• **YOUR OBJECTIVE**
Repeat the records below exactly, leaving out any pictures.

• **PROVIDED INFORMATION**
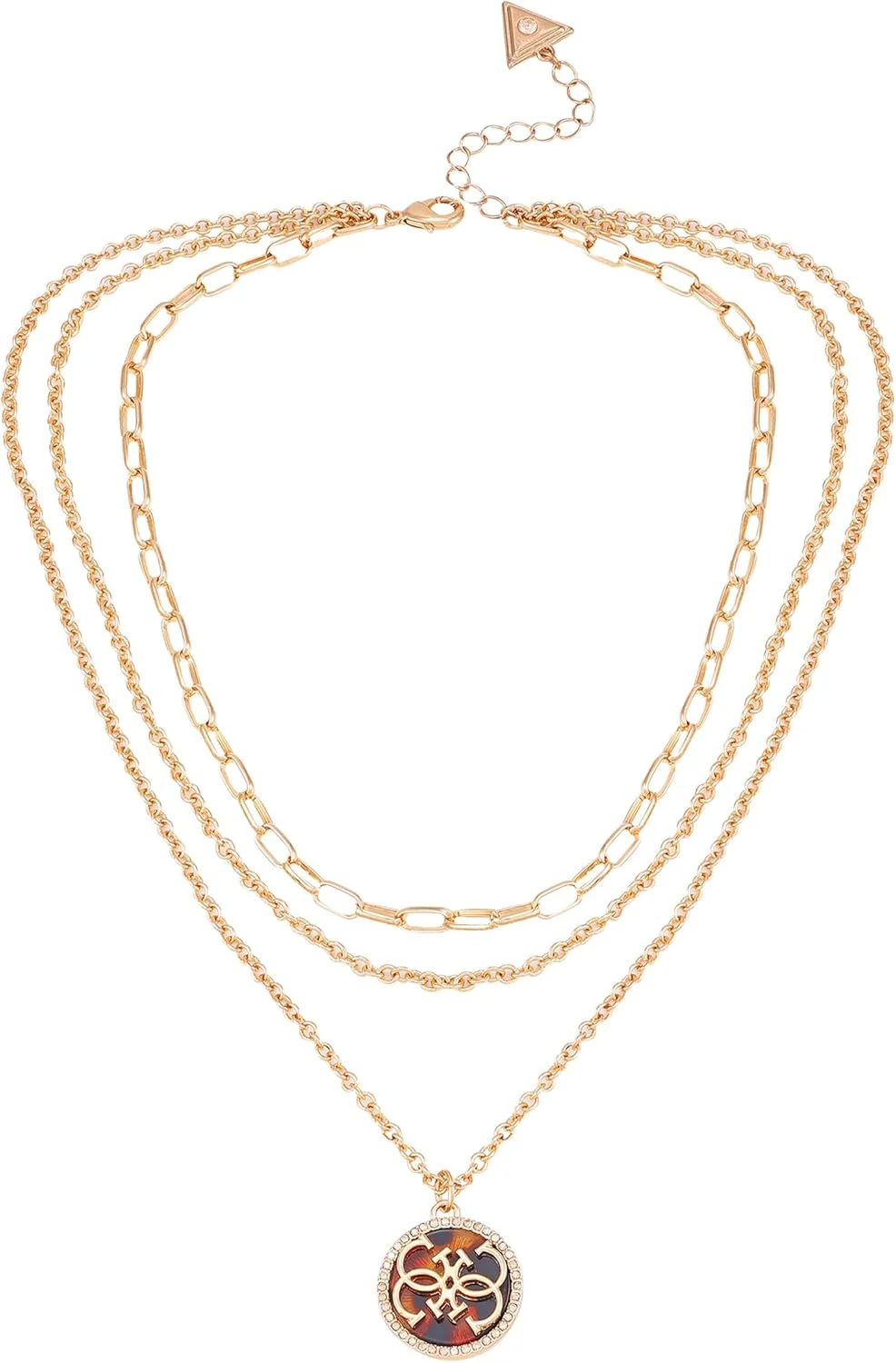 گردنبند لایه ای آویز لاک پشتی کنجدی نگین دار طلایی گس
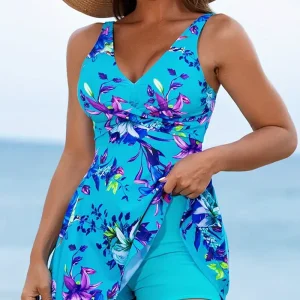 Mathilda | Abito da bagno con scollo a V e motivo a fiori e vita alta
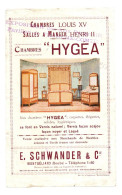 Publicité Chambres Louis XV Salles à Manger Henri II Chambres "Hygea" E. Schwander & Cie - Format : 22x13.5 Cm - 1900 – 1949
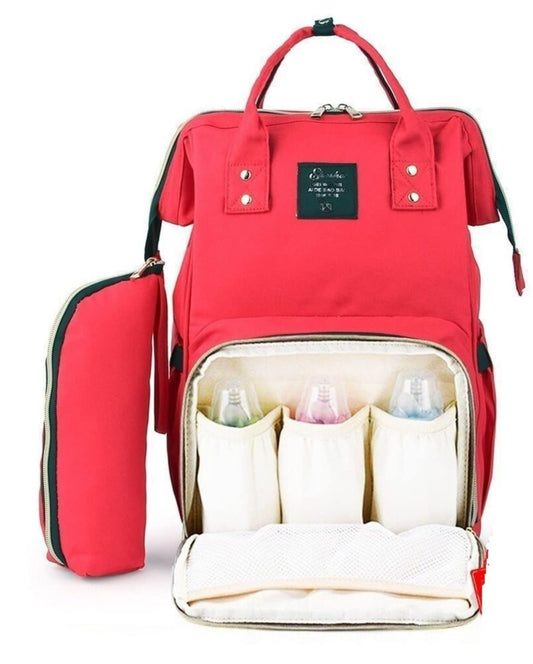 MOMISY NewBorn Babies Multipurpose Diaper Bags Mothers Maternity Bags for Travel (Red)
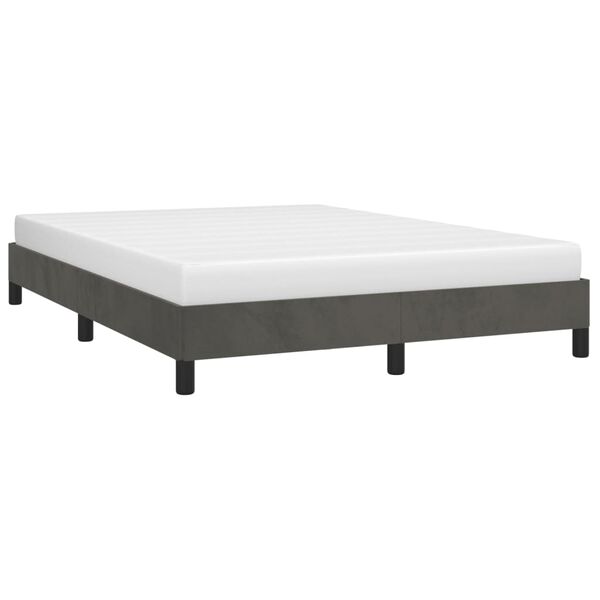 vidaXL Estrutura de cama sem colch&atilde;o 140x200 cm veludo cinzento-escuro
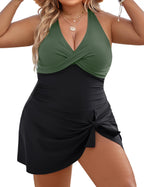 Plus Size Woman Skirt One-piece Swimsuit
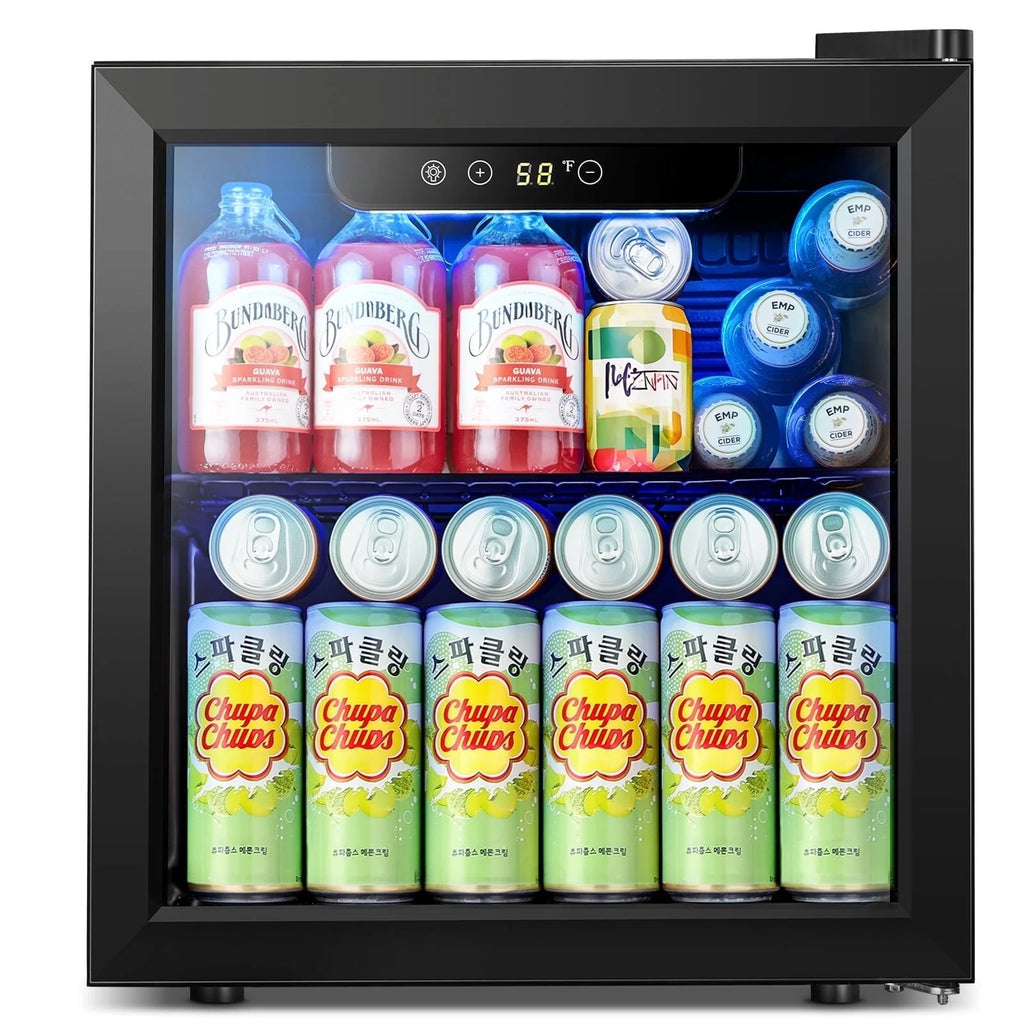 Auseo 1.3 Cu.ft. Mini Beverage Refrigerator Cooler - 55 Can &12 Bottle Mini Fridge with Double Glass Door. for Home/Bar/Office. Electronic touch control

• **SOLUTION FOR THIS PROBLEM**
 گردنبند لایه ای آویز لاک پشتی کنجدی نگین دار طلایی گس
 Mathilda | Abito da bagno con scollo a V e motivo a fiori e vita alta
 Publicité Chambres Louis XV Salles à Manger Henri II Chambres "Hygea" E. Schwander & Cie - Format : 22x13.5 Cm - 1900 – 1949
 MOMISY NewBorn Babies Multipurpose Diaper Bags Mothers Maternity Bags for Travel (Red)
 vidaXL Estrutura de cama sem colch&atilde;o 140x200 cm veludo cinzento-escuro
 Plus Size Woman Skirt One-piece Swimsuit
 Auseo 1.3 Cu.ft. Mini Beverage Refrigerator Cooler - 55 Can &12 Bottle Mini Fridge with Double Glass Door. for Home/Bar/Office. Electronic touch control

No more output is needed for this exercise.